Il presidente della Società italiana della medicina di emergenza-urgenza: «Da noi anche pazienti per tamponi o test sierologici e casi sospetti Covid che non trovano posto nei reparti dedicati. Ma in alcune aree d’Italia è stato dismesso il percorso differenziato, quindi in presenza di un solo positivo rischiamo di chiudere tutto il pronto soccorso»
Guardando da lontano uno dei tanti pronto soccorso italiani sembra quasi che la pandemia sia solo un ricordo. Ma è solo apparenza: ad ingannare è l’elevato numero di persone che, in fila, attende il proprio turno. «Per affluenza, infatti – racconta Salvatore Manca, presidente della Simeu, la Società italiana della medicina di emergenza-urgenza – siamo tornati ad una situazione simile a quella del pre-lockdown». Durante la fase 1 dell’emergenza Covid, infatti, gli accessi al pronto soccorso, nelle zone più a rischio, erano diminuiti fino al 50%.
È solo guardando le sale d’attesa delle zone rosse più da vicino che ci si rende conto che la pandemia è tutt’altro che finita: tutti indossano la mascherina, disinfettano le mani prima di accedere e sono ben attenti a mantenere le distanze gli uni dagli altri. «In alcuni ospedali – continua Manca – assistiamo addirittura ad un aumento degli accessi rispetto all’ “era pre-Covid”. Questo perché non sono poche le persone che, non riuscendo a trovare servizi adeguati a livello territoriale, si rivolgono al pronto soccorso per effettuare tamponi o test sierologici in presenza di sintomi minori tipici dell’influenza».
E queste persone non sempre sono dirottate altrove: «Purtroppo in alcune zone d’Italia – spiega Manca – gli ospedali non hanno mantenuto il percorso differenziato dedicato ai casi sospetti di Covid-19. Le strutture che, passata la fase critica, sono state costrette a dismetterli hanno ora difficoltà a riattivarli per quell’insufficienza di organico da sempre segnalata all’interno dei servizi di pronto soccorso, ancor prima che la pandemia esplodesse. Questa è una realtà che riguarda soprattutto il sud Italia e le isole. Il rischio più grande è che in presenza anche di un solo positivo tutto il pronto soccorso debba essere chiuso, privando di un fondamentale servizio come quello di emergenza-urgenza tutti cittadini di zona, spesso lontani da altri presidi ospedalieri».
E i nodi da sciogliere non finiscono qui. «Il numero di posti letto presenti nei reparti Covid – aggiunge il presidente Simeu – è del tutto inadeguato. Se da un lato sono attualmente diminuiti i pazienti che necessitano di un trattamento in terapia intensiva rispetto al lockdown, dall’altro sono aumentati coloro che hanno bisogno di essere ricoverati nei tradizionali reparti Covid che, in molti casi, sono già arrivati a saturazione».
Un’inadeguatezza organizzativa che ricade ancora una volta sulla gestione dei pronto soccorso: «Non è raro che i casi sospetti di Covid vengano dirottati nei reparti di Osservazione breve-intensiva (Obi) dei pronto soccorso e, in attesa che si liberi un posto letto nel reparto Covid vero e proprio, possono trascorre anche 3-5 giorni. Di conseguenza, una parte del personale del pronto soccorso deve dedicarsi a questi pazienti rendendo ancor più sofferente un organico già carente».

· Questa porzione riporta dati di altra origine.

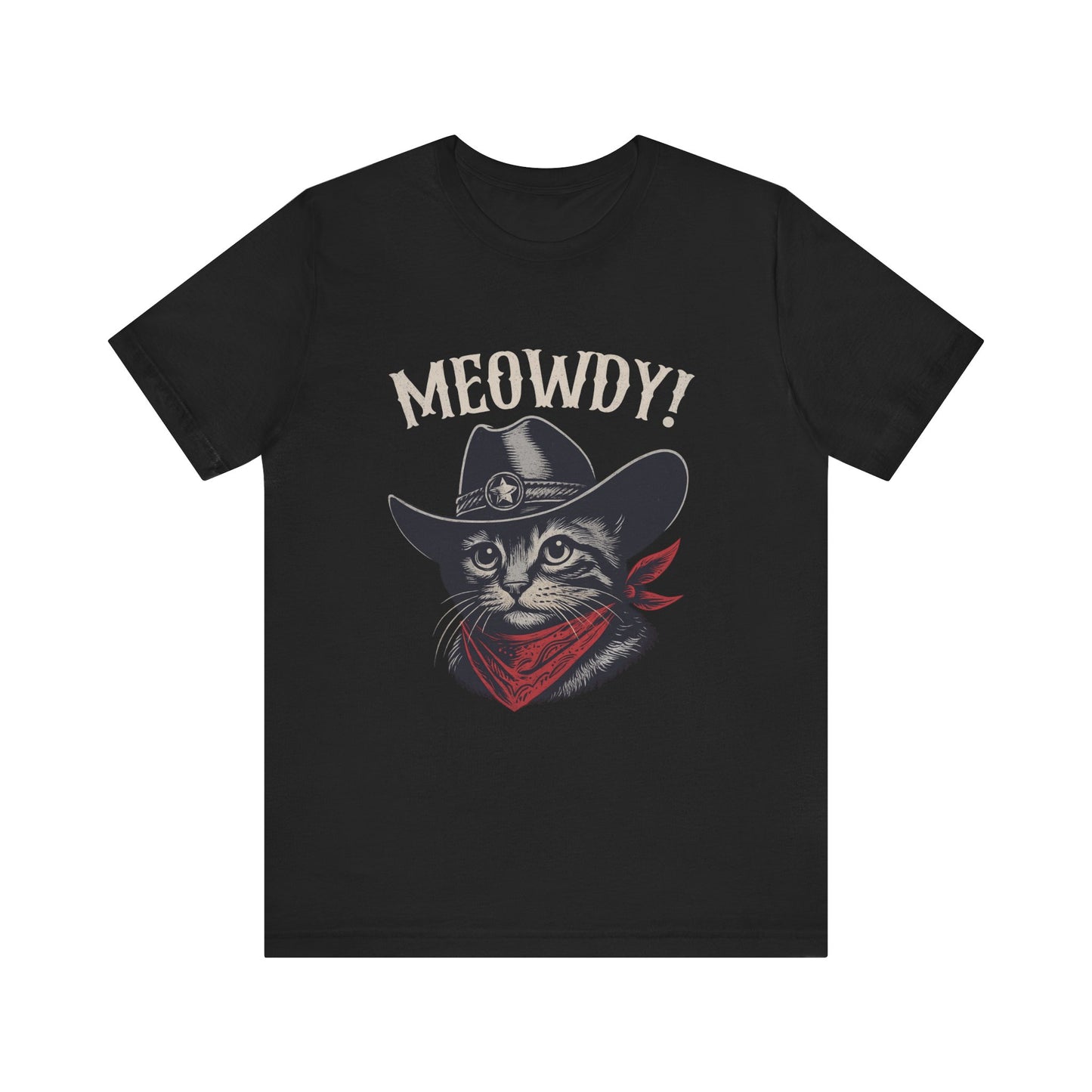 Cowboy Cat  T-Shirt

L’impiego di nuovo personale appare ancora una volta urgente, «non solo attraverso contratti ad hoc – dice Manca -, ma anche reclutando specializzandi del quarto e quinto anno in medicina di Urgenza e affini, come quella Interna. La mancanza di mobilità si ripercuote sui piccoli centri, dove sorgono ospedali di primo livello, garantendo invece un miglior funzionamento dei grandi nosocomi che godono della presenza dei poli universitari».
Ma almeno una buona notizia c’è. L’aumento di accessi ai pronto soccorso fa scongiurare che agli effetti della pandemia se ne aggiungano altri collaterali, come accaduto durante la scorsa primavera. «I malati cronici hanno ricominciato a rivolgersi ai pronto soccorso in caso di necessità – commenta il presidente Simeu – evitando che la paura di essere contagiati possa peggiorare la loro condizione di salute in modo irreversibile».
Probabilmente, però, siamo ancora una volta di fronte ad una scorciatoia: «L’offerta dei servizi sanitari territoriale è carente in diverse zone d’Italia, non adeguata alle esigenze dei malati cronici. Le liste di attesa troppo lunghe, in mancanza di alternativa, costringono i pazienti a rivolgersi al pronto soccorso dove – conclude Manca – è possibile ottenere una risposta immediata 24 ore su 24».